Richard Lynch: [00:27:36] I would, I would 100% agree the concept of utilization and realization is an output that probably isn't relevant if it didn't get tied to, um, individual performance as well as capacity. So, so when you build your team based upon how many hours is that person going to be able to work and how many hours does this take? If you don't want your people to work excessive hours, you try and meet demand with supply. And so then you have this hours modulation, right? If it takes you this long to do it, then I want to have this many people to do it. So it's, it's built into your culture. I don't want to overwork my people. I want to have enough people to get the projects done. So you build in this manifestation of it's not just about output, it's also about work life balance and culture and not overworking people. And so so you, it just hits you at so many different angles to say, letting loose of it becomes, um, a reset of kind of almost everything that you do from an operational or daily management perspective. But, but the truth of it is, and this is, this is the hard part, and you alluded to it, if we kind of ignore those obstacles, the vision beyond that is certainly what we all want to get to is not having our people have to be tied to this concept of, how many hours did I work today or work this week? It's the value of what they contributed. Um, unfortunately, we're so rooted in this, this hourly concept that it is, um, it is kind of like a, it is, it is the support beam of, of the firm.

Blake Oliver: [00:29:05] Yeah. I guess it's existed forever because it works, not because it's the best. Right? It works. It works. Well. I would argue that it works for it works well enough to make a decent profit for the partners. I would say it does not work well for the staff. Like it's it's not a system that we would design if we were designing a business model for our employees, because like we all agree that nobody likes to fill out time sheets. It leads to overwork, causes people to eat hours, creates perverse incentives to be inefficient. I mean, it's not something that if I were designing a business to make my employees happy, that I would implement. Right?

Richard Lynch: [00:29:52] Right. I mean, no one really wants to I mean, literally, you know, if you enter in time on an hourly basis, um, no one wants to feel that kind of big brother type mentality where, um, you know, it erodes that kind of concept of, of trust of you're going to work hard and I trust you to do so. On the flip side of that, though, is this it does create expectation and it does allow us to control those expectations. So if you think of yourself in the mind of of a CPA that likes to understand what is expected of me, how can I, how can I gauge am I, am I being, am I doing what they're asking me to do that our understanding of this is what the hours they expect me to work does set that expectation of success and fulfillment. So. So there is the other side of that, of that if you have these and and if you if you if you eradicate the concept of hours entirely and you put people and let them say, you know, hey, just work really hard. We trust you, you will find people that will work so hard, they'll burn yourself out really quickly because they're ambitious, aggressive, and want to propel themselves up their career quickly.

Blake Oliver: [00:30:53] So can I just stop you there for a second? So you're saying that, like, timesheets actually help prevent burnout? Because I had never thought of them that way. Like in my experience.
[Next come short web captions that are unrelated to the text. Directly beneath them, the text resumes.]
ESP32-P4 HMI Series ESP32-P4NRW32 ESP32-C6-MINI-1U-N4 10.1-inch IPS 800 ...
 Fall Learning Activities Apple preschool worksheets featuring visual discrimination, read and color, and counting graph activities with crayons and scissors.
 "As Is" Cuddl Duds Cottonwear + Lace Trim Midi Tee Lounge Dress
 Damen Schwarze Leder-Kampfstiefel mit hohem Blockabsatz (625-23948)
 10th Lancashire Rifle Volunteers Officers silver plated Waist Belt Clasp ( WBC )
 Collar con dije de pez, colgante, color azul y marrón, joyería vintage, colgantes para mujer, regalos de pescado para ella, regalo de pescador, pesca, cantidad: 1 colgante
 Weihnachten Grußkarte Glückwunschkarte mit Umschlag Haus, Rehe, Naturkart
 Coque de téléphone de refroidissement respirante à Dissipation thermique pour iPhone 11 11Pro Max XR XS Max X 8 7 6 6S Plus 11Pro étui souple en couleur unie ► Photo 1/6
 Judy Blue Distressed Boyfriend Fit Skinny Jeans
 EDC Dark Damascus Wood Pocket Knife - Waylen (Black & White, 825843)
Richard Lynch: [00:31:03] We do spend a lot of time at psychic evaluating people that are well over their hours of expectation. And that's a that's an indication that we have capacity issues that we need to hire, that we might need to go and evaluate what those things look like. So absolutely, we look at both sides of that pendulum of people that aren't meeting those expectations, but also people that are overachieving in the objective of setting that expectation is not for people to go hundreds of hours over it. It's to people that meet it. And if you meet these things, you should expect to have a solid progression through the career, through it. And those are the expectations that we've laid out. So I absolutely believe that allows people to say, I don't, I don't have to, to grind to to such an extent because I've, I've met the expectations. We also, you know, break it up into a couple of, of different categorizations where we limit the number of busy seasons our people have. Um, so unfortunately, this profession requires a busy season depending upon industry, depending, depending upon service line. And so we, we gauge ours and say, hey, we expect you to work a higher than normal number of hours in this period of time. But in this period of time, we expect you to to, to drift back down to a more normal balance from that perspective. And we monitor that as well. So if you if you kind of achieve those results, then, then you should, you should come to the end of the year feeling very, uh, very confident with what the expectations and what your, your ability to receive reward for that.

Blake Oliver: [00:32:31] In the past. So much of what we do in terms of our outputs has been linked to our inputs. The time that we put in there was a, you know, pretty reliable correlation between how many hours it would take to, you know, and the return output, right? Like the tax return, the audit, whatever. Ai has basically destroyed that link, right? This is why time is a measure of productivity is falling apart. Absolutely. So, I mean, I see this as like I'm imagining basically in a few years, every single accounting firm in this country will have to abandon hourly billing or they will go extinct.

Richard Lynch: [00:33:18] Mhm.

Blake Oliver: [00:33:19] And none of them are moving in that direction.

Richard Lynch: [00:33:22] Well, I think there's the pace of change is slow. Um, there's no doubt about it. That and, um.

Blake Oliver: [00:33:30] But not with AI. I mean, we're seeing three, four years.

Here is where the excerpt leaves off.